**EXERCISE**
Verbatim output of the lines below is required, with the images omitted.

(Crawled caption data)
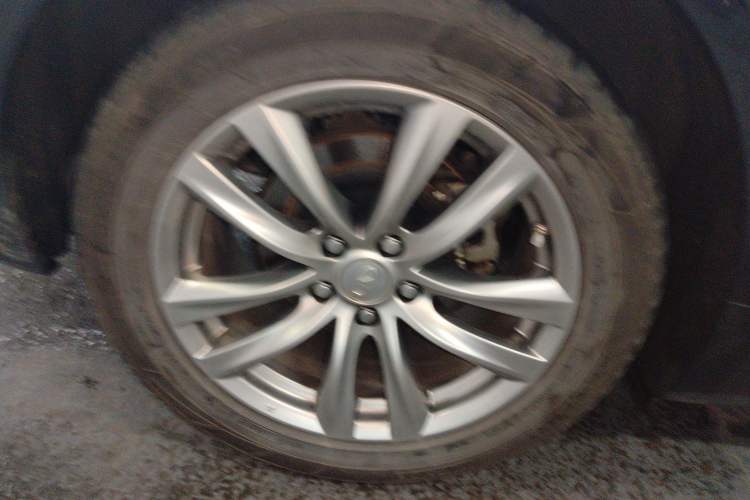 Used Infiniti Q70 2017 Q70L 2.5L Elite Edition Right Rear Wheel Hub
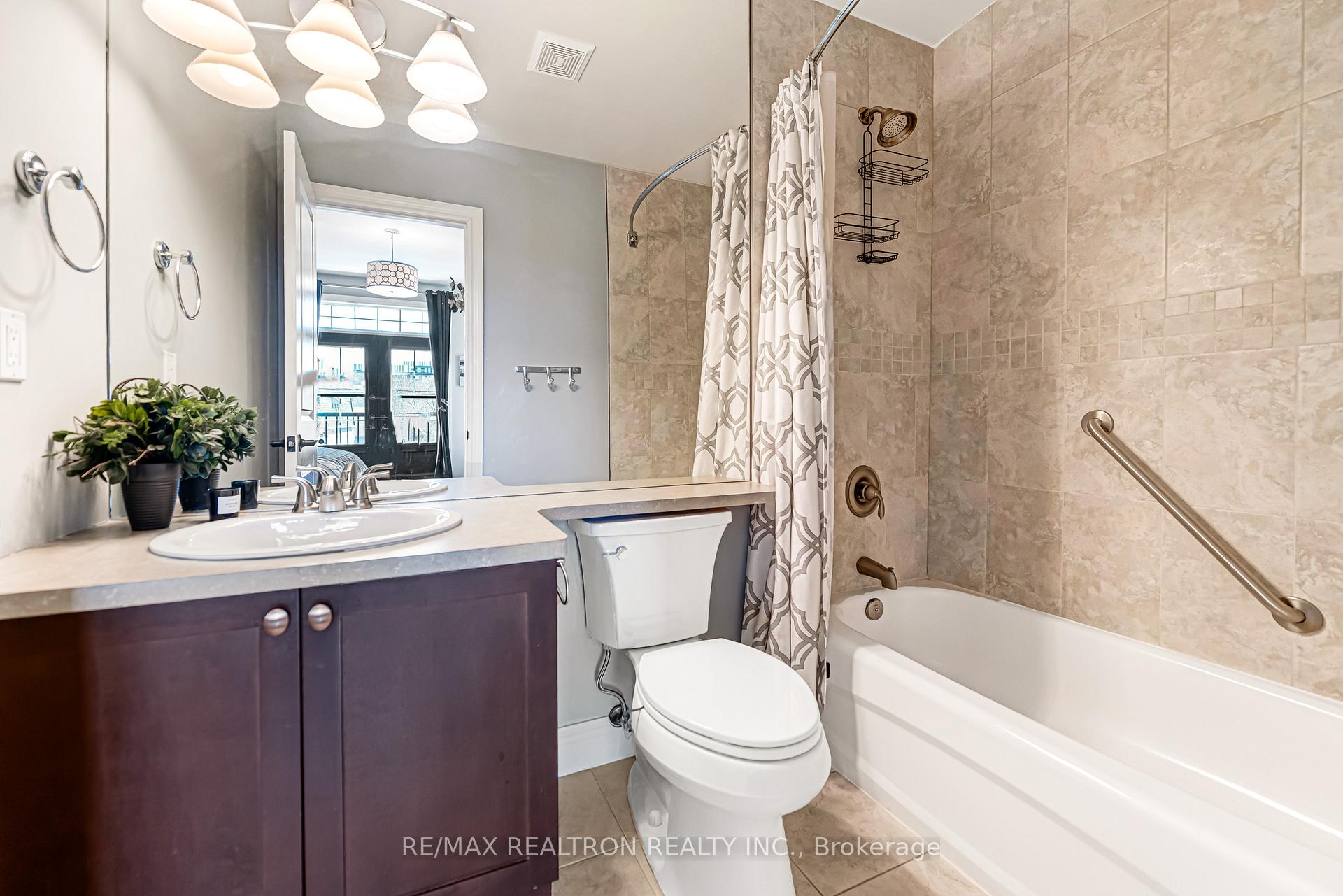 Photo 36 of Unit 1, 117 Nelson Street, Oakville, Bronte — HOMEH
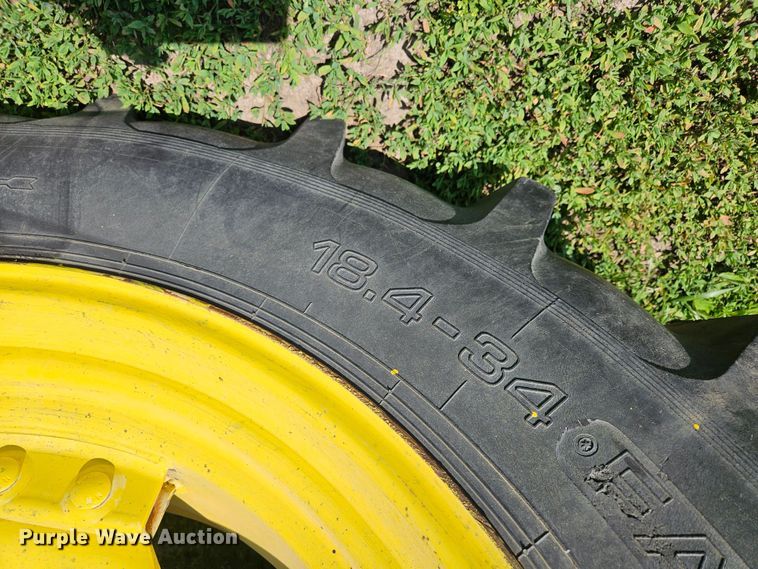 image for item LL9229 John Deere 6410  MFWD tractor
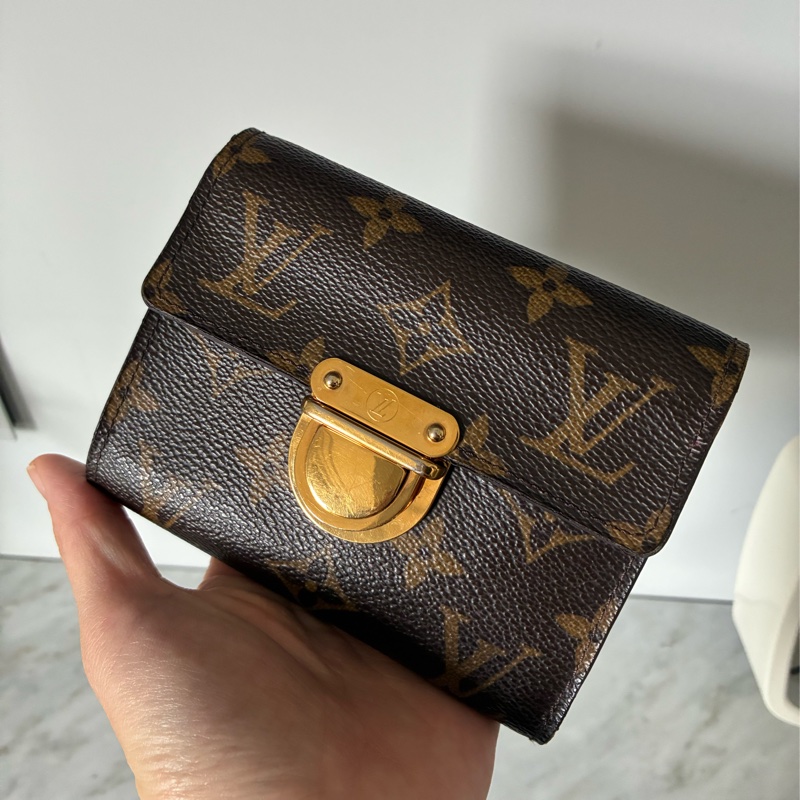 Lv 曼哈頓鎖頭短夾-5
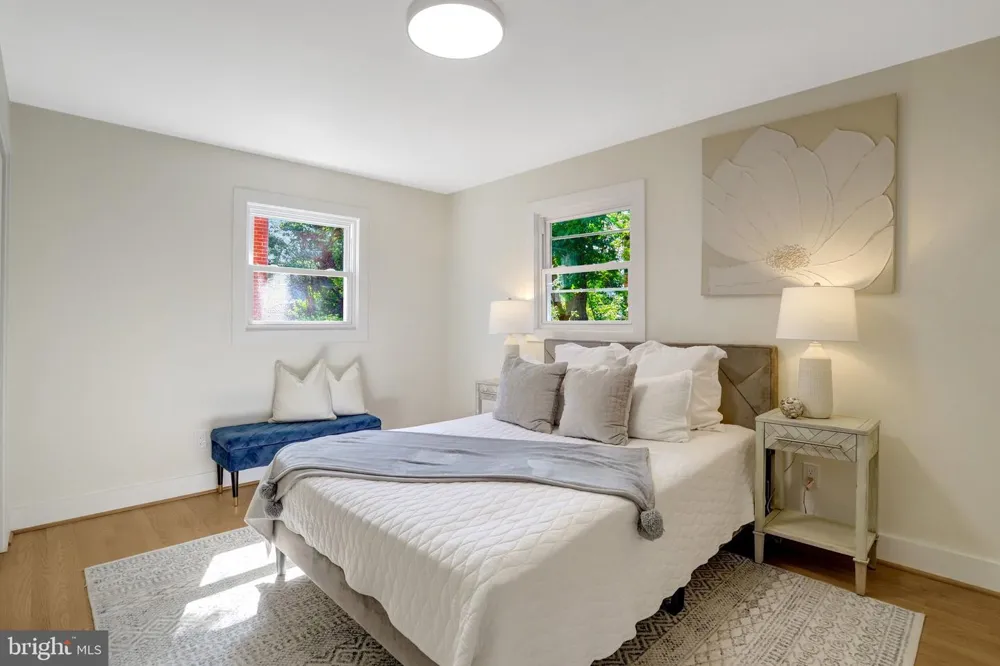 4612 9TH STREET S Arlington, VA 22204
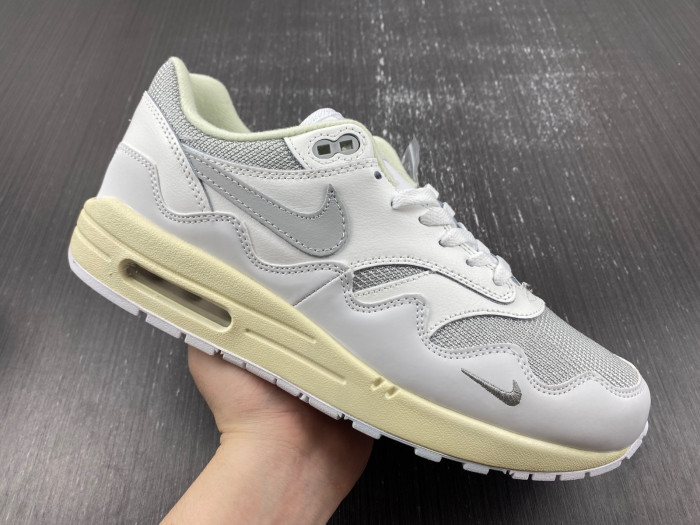 Nike Air Max 1 Patta Waves White DQ0299-100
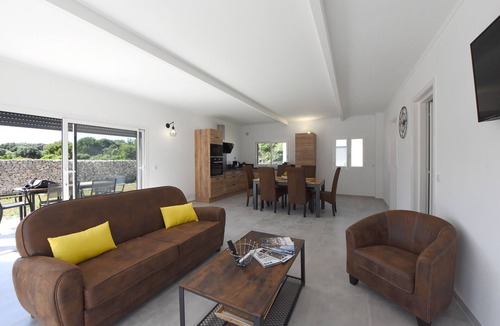 Bonifacio Villa | 2 Bedroom Villa in bonifacio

**SOLUTION TO THE EXERCISE**
 Used Infiniti Q70 2017 Q70L 2.5L Elite Edition Right Rear Wheel Hub
 Photo 36 of Unit 1, 117 Nelson Street, Oakville, Bronte — HOMEH
 image for item LL9229 John Deere 6410  MFWD tractor
 Lv 曼哈頓鎖頭短夾-5
 4612 9TH STREET S Arlington, VA 22204
 Nike Air Max 1 Patta Waves White DQ0299-100
 Bonifacio Villa | 2 Bedroom Villa in bonifacio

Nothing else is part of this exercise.